Our survey results have been confirmed by subsequent surveys. Most recently, 48 percent in a Fellows study of 1,000 office workers in Germany stated that they suffer from increased headaches and back pain as a result of working at home. Consequently, in many cases the room for WFH is no more than a space that was previously used sporadically but is now used regularly and has not been adequately redesigned to meet the new demands. Since one's own home is not covered by the Workplace Ordinance, there has not yet been any need for action on the employer's part with regard to ergonomic furniture, technical improvements or even soundproofing measures.
Employers are gradually rethinking and moving away from reveries of only superficial cost efficiency: among 1,200 companies surveyed by the German Institute of Economics (IW), only 6.4 percent want to downsize their office space. Only one-third of executives plan to expand WFH options. Announcements to the contrary by well-known companies should not cause irritation here. Nestlé, for example, recently announced that its new corporate location in Frankfurt would comprise only 700 workstations instead of 1,000. Companies such as Peugeot and Siemens have already announced that at least two days of WFH will be part of the new standard. Nevertheless, these are the companies that have already been among the main users of co-working spaces and flexible office space for several years. In this respect, the same applies here: The office is alive, it's just shifting.
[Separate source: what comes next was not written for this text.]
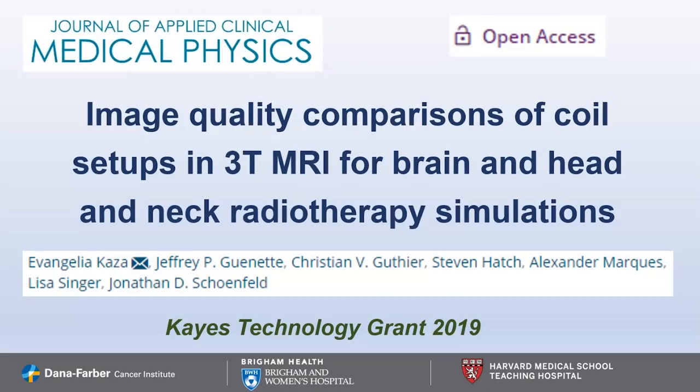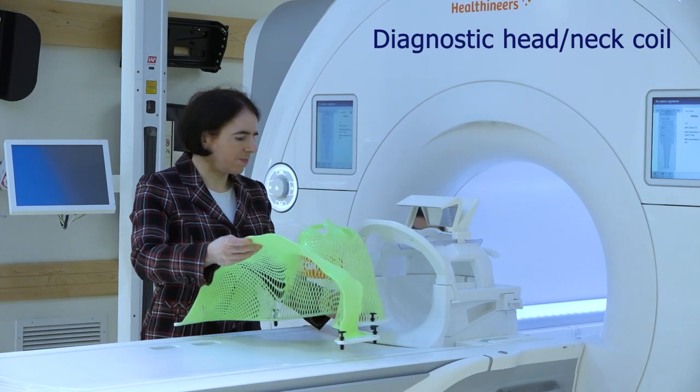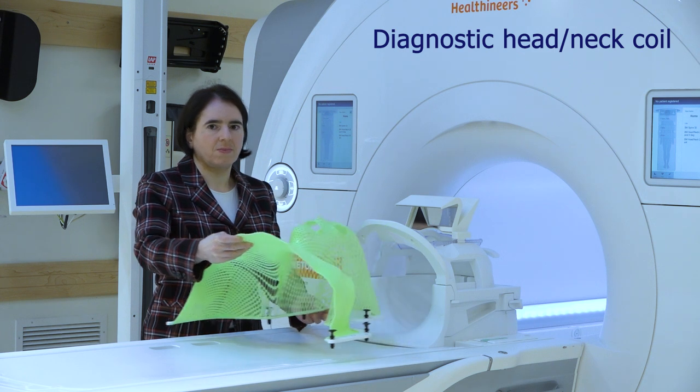Magnetic resonance imaging is increasingly used for brain or head and neck radiotherapy treatment planning, but the thermoplastic masks used for patient immobilization don't fit inside the diagnostic head and neck MR receiving coils.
So is everything staying the same? No, because the coexistence of office and WFH is now established. The ability to work from home for at least part of the week will no longer be in dispute. However, both places of work need to upgrade in terms of equipment. Competition, as we all know, stimulates business and makes for better products. For the home, employers will need to provide furniture and technology to meet their duty of care to employees outside the office. The office, on the other hand, must no longer convey a lack of inspiration and dreariness under any circumstances. Our survey clearly showed that the more appealing the office space, the more productive employees are. A good supply of fresh air and functioning IT equipment are among the minimum requirements here. We are convinced that the office must increasingly become a place of experience in order to compete with the home. This means not only sufficient space for teamwork and informal exchange, but also a design that fosters community. Offices of the future therefore increasingly reflect the culture and values for which the respective company stands. The office is then no longer just a workplace, but a place for a tangible community.